Missy got her CGC tonight,pretty much aced it. Got swarmed by instructors wanting her to go advanced,rally, and OB competition. She is an awesome little dog. She got a name to register also: Ferngully's Little Miss Thang


----------



## Oaklys Dad (Dec 28, 2005)

Way to go Missy!
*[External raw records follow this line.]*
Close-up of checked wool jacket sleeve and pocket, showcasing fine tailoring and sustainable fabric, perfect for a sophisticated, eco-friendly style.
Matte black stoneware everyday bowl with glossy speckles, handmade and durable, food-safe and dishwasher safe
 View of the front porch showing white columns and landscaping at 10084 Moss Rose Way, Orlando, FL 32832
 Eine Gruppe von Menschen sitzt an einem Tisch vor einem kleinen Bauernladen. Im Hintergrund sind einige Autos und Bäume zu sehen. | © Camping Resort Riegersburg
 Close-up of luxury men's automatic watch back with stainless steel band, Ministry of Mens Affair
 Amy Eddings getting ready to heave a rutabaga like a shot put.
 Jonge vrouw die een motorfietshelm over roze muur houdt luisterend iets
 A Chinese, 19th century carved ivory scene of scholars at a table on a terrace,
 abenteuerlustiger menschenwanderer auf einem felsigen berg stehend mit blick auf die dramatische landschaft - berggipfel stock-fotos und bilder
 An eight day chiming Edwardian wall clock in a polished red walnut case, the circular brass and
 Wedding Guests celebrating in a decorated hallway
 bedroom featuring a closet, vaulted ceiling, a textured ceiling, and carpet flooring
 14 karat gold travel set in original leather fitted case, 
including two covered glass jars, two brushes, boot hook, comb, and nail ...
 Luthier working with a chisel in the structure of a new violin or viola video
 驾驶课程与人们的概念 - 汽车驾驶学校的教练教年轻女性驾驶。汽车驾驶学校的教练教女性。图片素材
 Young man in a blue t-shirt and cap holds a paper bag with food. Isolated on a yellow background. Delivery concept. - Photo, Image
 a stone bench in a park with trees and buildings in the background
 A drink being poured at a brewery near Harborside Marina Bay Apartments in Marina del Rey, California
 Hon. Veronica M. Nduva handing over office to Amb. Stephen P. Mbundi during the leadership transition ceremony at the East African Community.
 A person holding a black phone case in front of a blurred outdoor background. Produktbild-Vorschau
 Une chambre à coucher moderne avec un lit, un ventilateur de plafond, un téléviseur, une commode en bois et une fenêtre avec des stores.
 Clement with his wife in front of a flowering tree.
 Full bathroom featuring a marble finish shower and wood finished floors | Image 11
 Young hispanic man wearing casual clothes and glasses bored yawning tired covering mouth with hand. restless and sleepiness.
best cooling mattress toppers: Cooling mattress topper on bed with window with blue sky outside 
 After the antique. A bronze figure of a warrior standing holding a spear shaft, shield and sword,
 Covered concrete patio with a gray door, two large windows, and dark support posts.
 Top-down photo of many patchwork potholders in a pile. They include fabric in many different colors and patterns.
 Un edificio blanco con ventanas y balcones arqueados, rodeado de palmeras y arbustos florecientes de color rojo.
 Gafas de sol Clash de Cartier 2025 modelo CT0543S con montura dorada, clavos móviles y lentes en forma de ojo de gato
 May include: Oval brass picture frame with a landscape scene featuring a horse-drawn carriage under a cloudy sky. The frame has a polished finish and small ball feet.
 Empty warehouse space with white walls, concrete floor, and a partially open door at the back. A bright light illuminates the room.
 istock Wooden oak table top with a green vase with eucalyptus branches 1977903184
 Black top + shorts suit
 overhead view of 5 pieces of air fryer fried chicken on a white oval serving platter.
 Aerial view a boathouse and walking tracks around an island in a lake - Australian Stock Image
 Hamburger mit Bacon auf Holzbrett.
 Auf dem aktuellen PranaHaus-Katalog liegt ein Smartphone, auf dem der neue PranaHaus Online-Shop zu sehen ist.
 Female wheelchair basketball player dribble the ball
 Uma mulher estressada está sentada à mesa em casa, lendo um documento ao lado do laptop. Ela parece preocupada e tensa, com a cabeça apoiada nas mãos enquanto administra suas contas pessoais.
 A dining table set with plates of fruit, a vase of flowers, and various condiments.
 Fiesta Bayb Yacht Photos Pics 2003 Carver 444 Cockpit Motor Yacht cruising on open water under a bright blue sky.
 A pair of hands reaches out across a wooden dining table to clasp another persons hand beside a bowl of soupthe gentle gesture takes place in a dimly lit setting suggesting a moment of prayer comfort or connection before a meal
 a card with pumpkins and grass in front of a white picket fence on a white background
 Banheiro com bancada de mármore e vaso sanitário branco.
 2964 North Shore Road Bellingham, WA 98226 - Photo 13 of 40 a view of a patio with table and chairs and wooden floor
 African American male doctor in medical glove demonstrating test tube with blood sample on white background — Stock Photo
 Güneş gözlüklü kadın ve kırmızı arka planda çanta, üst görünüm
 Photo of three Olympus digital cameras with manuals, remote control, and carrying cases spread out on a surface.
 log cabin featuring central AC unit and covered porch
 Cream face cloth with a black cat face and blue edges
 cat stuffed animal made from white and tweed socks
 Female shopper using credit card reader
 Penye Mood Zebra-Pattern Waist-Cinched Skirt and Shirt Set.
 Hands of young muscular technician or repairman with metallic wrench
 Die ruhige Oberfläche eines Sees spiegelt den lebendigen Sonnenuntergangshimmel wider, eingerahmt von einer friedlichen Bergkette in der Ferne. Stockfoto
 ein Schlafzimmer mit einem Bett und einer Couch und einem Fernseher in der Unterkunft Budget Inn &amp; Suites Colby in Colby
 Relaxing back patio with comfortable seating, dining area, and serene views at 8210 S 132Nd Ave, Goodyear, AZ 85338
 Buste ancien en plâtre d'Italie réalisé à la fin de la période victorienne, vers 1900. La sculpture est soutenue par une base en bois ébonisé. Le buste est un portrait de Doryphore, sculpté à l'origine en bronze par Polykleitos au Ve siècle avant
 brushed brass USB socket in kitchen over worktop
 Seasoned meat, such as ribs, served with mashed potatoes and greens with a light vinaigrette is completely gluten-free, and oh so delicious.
Make your daddy proud.


----------



## AmberSunrise (Apr 1, 2009)

Yay Missy!!
Congratulations


----------



## Dexell1827 (Feb 23, 2011)

Congrats, Missy!!


----------



## Paige&Lily (Nov 4, 2010)

Congratulations and hurray for rescuing her!


----------



## C's Mom (Dec 7, 2009)

WTG Missy!!!!!!


----------



## hotel4dogs (Sep 29, 2008)

great job! she's just adorable!


----------



## LibertyME (Jan 6, 2007)

Congrats! Well Done Missy!


----------



## The_Artful_Dodger (Mar 26, 2009)

Way to go! Congratulations!!


----------



## Titan1 (Jan 19, 2010)

Congrats to you both!


----------



## Mssjnnfer (Aug 9, 2009)

Yay Missy! LOOOOVE the name! (I have a Missy too!!)


----------



## GinnyinPA (Oct 31, 2010)

Congratulations! It's an achievement for both of you.


----------



## Kmullen (Feb 17, 2010)

Yay!! Congrats and she is a cute!


----------



## inge (Sep 20, 2009)

Congratulations!


----------